I appricate any suggestions or help very much. 
Thank you.Junqiang
 		 	   		  

Re: [MASSMAIL] How to set up Nutch to only crawl links on designated web pages repeatedly?

Posted by Junqiang Zhang <ju...@gmail.com>.
Hello Eyeris,

Thank you very much for your suggestion. Sorry for my late reply.

Using the urls filter plugins is a good option. I am doing this for my
current crawling task. However, using urls filters is not exactly what
I want. I feel there should be some better ways to restrict nutch only
crawl the links on designated web pages. Currently, maybe nutch does
not provide such a feature.

Best,
Junqiang

On Sun, Jan 31, 2016 at 9:26 PM, Eyeris Rodriguez Rueda <er...@uci.cu> wrote:
> Hello Jun.
> Maybe you can use nutch´s urls filter plugins. This plugins are used to filter o restrict the visit of links.
> Please i need more details about your situation.
>
> 1-How are selected the link to visit on your pages(A, B, C) , it has some pattern,subdomain or some keyword in url´s links?

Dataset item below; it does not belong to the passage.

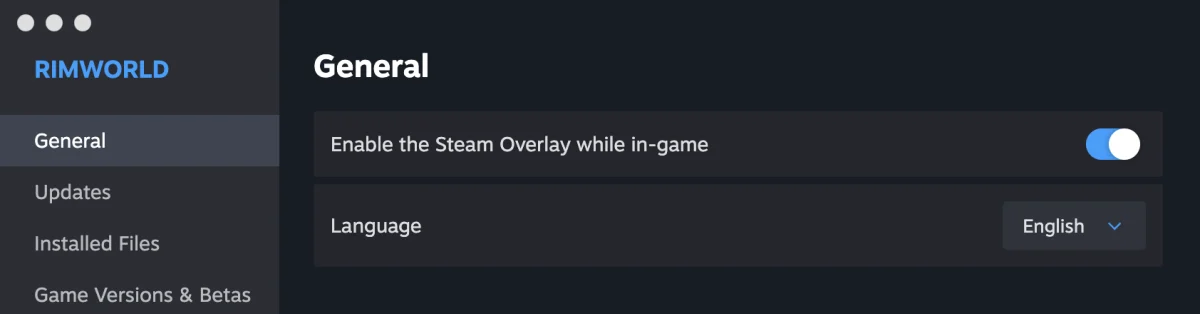 Interfaz real de Steam en inglés para RimWorld: Properties, General y Language establecido en English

Re: [MASSMAIL] How to set up Nutch to only crawl links on designated web pages repeatedly?

Posted by Eyeris Rodriguez Rueda <er...@uci.cu>.
Hello Jun.
Maybe you can use nutch´s urls filter plugins. This plugins are used to filter o restrict the visit of links.
Please i need more details about your situation.

1-How are selected the link to visit on your pages(A, B, C) , it has some pattern,subdomain or some keyword in url´s links?